Only these lines of the data below are wanted: the one with "Photo of property in 43", the one with "Ca. 60x Servies", and any lines between them, each repeated exactly.

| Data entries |
● ● ● ● ●

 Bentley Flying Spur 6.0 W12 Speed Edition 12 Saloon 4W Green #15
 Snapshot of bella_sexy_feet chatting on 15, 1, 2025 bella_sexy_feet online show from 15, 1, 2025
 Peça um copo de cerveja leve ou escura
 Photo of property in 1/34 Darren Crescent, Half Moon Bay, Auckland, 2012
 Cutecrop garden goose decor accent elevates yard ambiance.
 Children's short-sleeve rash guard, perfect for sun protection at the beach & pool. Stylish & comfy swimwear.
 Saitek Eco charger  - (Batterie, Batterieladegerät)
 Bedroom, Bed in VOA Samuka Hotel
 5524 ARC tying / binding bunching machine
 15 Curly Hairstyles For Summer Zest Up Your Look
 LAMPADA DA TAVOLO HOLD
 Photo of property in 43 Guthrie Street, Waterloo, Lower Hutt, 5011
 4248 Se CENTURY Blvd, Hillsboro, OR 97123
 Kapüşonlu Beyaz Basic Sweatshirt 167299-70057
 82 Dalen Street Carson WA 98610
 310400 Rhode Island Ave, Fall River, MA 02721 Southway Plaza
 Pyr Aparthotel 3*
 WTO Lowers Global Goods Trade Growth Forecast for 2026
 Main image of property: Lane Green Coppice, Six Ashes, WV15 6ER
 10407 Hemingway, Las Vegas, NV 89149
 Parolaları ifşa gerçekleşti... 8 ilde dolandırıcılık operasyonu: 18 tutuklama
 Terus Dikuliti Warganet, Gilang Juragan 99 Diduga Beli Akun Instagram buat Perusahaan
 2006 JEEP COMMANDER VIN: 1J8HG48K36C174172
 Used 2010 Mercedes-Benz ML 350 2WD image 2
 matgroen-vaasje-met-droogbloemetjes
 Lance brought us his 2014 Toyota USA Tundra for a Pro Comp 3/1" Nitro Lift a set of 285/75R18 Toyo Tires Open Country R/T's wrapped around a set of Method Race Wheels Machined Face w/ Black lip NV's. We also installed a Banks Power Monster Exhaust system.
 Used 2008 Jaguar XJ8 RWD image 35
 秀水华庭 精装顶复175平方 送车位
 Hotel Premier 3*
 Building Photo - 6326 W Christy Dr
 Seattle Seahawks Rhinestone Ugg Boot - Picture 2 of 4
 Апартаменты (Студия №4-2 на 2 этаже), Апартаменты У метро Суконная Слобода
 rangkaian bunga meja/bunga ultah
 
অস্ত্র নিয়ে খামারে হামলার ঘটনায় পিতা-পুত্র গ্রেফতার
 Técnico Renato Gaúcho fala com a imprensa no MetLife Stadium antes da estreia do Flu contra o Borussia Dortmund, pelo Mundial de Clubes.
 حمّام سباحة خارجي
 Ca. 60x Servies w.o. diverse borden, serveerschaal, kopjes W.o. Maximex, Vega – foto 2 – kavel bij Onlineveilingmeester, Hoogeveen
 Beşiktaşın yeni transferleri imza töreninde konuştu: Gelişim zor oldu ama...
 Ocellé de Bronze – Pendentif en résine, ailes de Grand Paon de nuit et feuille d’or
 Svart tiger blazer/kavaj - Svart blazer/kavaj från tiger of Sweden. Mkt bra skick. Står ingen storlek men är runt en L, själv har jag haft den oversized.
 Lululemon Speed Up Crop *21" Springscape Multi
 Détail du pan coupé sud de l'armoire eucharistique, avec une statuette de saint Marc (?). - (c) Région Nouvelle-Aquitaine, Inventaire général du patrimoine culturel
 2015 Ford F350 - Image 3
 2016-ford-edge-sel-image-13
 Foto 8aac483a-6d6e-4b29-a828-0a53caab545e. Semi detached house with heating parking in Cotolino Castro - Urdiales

● ● ● ● ●

| OUTPUT FOR THIS EXERCISE |
 Photo of property in 43 Guthrie Street, Waterloo, Lower Hutt, 5011
 4248 Se CENTURY Blvd, Hillsboro, OR 97123
 Kapüşonlu Beyaz Basic Sweatshirt 167299-70057
 82 Dalen Street Carson WA 98610
 310400 Rhode Island Ave, Fall River, MA 02721 Southway Plaza
 Pyr Aparthotel 3*
 WTO Lowers Global Goods Trade Growth Forecast for 2026
 Main image of property: Lane Green Coppice, Six Ashes, WV15 6ER
 10407 Hemingway, Las Vegas, NV 89149
 Parolaları ifşa gerçekleşti... 8 ilde dolandırıcılık operasyonu: 18 tutuklama
 Terus Dikuliti Warganet, Gilang Juragan 99 Diduga Beli Akun Instagram buat Perusahaan
 2006 JEEP COMMANDER VIN: 1J8HG48K36C174172
 Used 2010 Mercedes-Benz ML 350 2WD image 2
 matgroen-vaasje-met-droogbloemetjes
 Lance brought us his 2014 Toyota USA Tundra for a Pro Comp 3/1" Nitro Lift a set of 285/75R18 Toyo Tires Open Country R/T's wrapped around a set of Method Race Wheels Machined Face w/ Black lip NV's. We also installed a Banks Power Monster Exhaust system.
 Used 2008 Jaguar XJ8 RWD image 35
 秀水华庭 精装顶复175平方 送车位
 Hotel Premier 3*
 Building Photo - 6326 W Christy Dr
 Seattle Seahawks Rhinestone Ugg Boot - Picture 2 of 4
 Апартаменты (Студия №4-2 на 2 этаже), Апартаменты У метро Суконная Слобода
 rangkaian bunga meja/bunga ultah
 
অস্ত্র নিয়ে খামারে হামলার ঘটনায় পিতা-পুত্র গ্রেফতার
 Técnico Renato Gaúcho fala com a imprensa no MetLife Stadium antes da estreia do Flu contra o Borussia Dortmund, pelo Mundial de Clubes.
 حمّام سباحة خارجي
 Ca. 60x Servies w.o. diverse borden, serveerschaal, kopjes W.o. Maximex, Vega – foto 2 – kavel bij Onlineveilingmeester, Hoogeveen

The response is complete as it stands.